What should you do to make the most of technology business opportunities in 2017? For this "Marching Orders" series, we put that question to a number of channel luminaries, including top Microsoft channel executives, consultants, Microsoft partners and other regular RCP contributors. This entry comes from Keith Lubner, managing partner at Channel Consulting Corp. and co-founder of Channel EQ.

Our company develops ridiculously good training content and programs for the channel. One of our most popular programs is called Business Guidance Selling. The essence of this course is transforming salespeople to sell outside of their comfort zones and into other areas beyond the IT department.

In 2017, your ability to excel will be determined by your ability to sell to all the other stakeholders within an organization that now have budgets to spend on your products and services.

You can thank the cloud for this shift in the market. More applications and services now exist for more people within an organization. Couple this with the cloud allowing companies to shift spending buckets from CapEx to OpEx and you create more buyers in more departments within more companies. The problem is, for the most part, partner sales teams have been focused on selling to the IT department.

To jump start your transformation and your capabilities, focus on the following in 2017:

  • Turn your salespeople into consultants. We mean this figuratively, not literally. Selling to other areas within a business is different. Therefore, your people need to think and act differently. They need to do better pre-call planning. They need to ask better discovery questions. They need to start making recommendations to the prospect on areas for improvements or cost reductions.

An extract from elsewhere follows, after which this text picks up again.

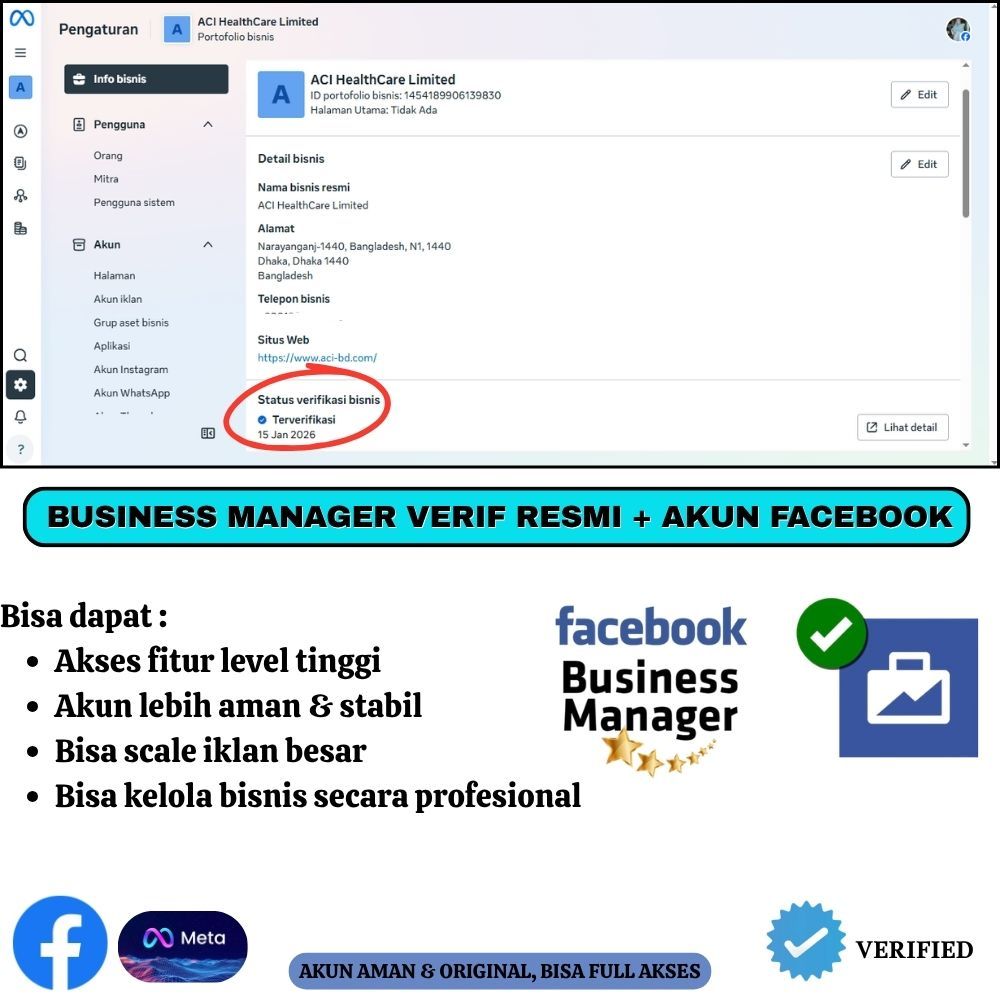 BUSINESS MANAGER AKUN FACEBOOK RESMI + AKUN FB PERSONAL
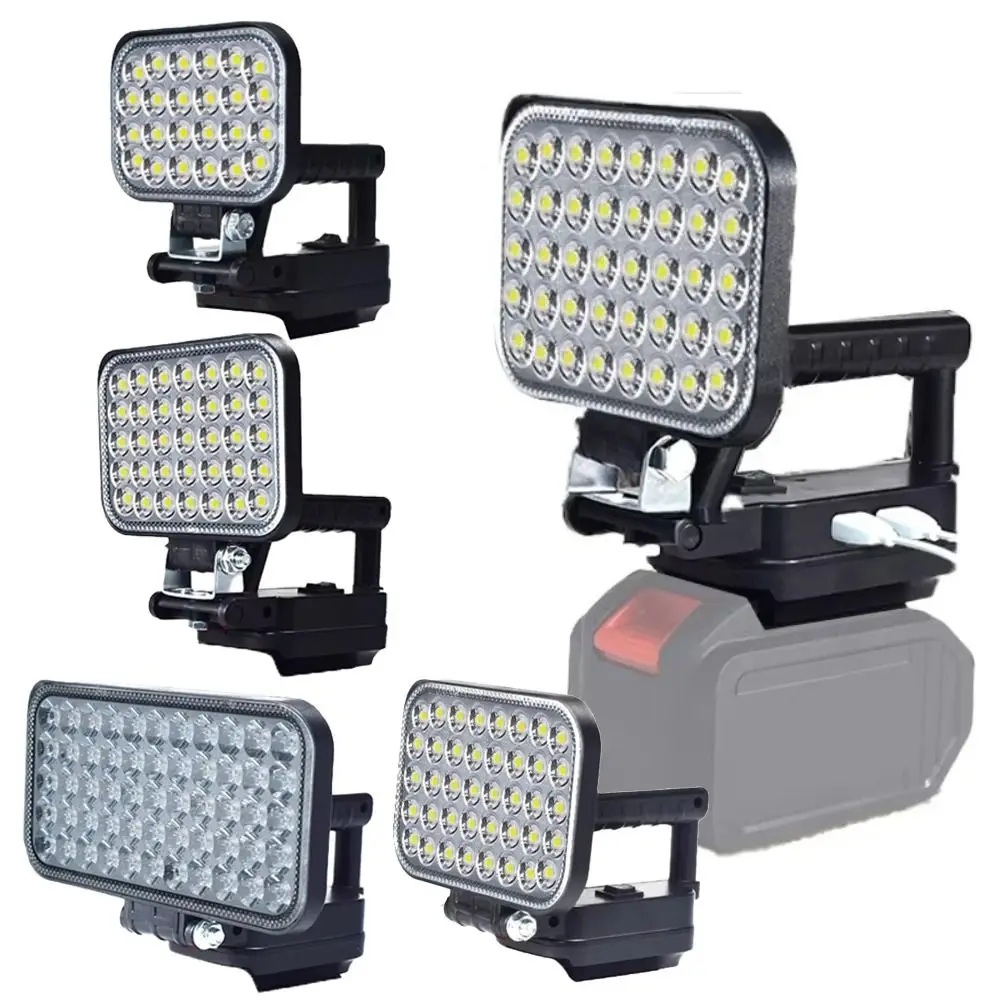 3/4/5/8in LED Work Light Adjustable High Brightness Lithium Battery Lamp Universal Outdoor Searchlight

  • Because this transformation is not easy (but required in order to make the leap into those other areas), you need to arm your salespeople appropriately. This means training the salespeople on market "pains" and "requirements." This means educating your technical staff to ask more questions about other areas within the business. This means learning more techniques to prospect into the layers of an account.

  • The seller/buyer relationship has changed dramatically, and in order to prosper, you must come to terms with this reality. Buyers know more about your products and services before you ever pick up the phone or walk in the door. You need to differentiate and the only way to do that is to shift your mental approach to the account. Instead of pitching a product, start thinking of presenting a solution. Instead of being reactive to a prospect, become proactive in giving advice. Elevating your abilities will help you rise above the competition and keep you from falling into the control of the buyer.

Think and act differently in 2017, and you will develop more robust pipelines by selling to more people outside of the traditional IT.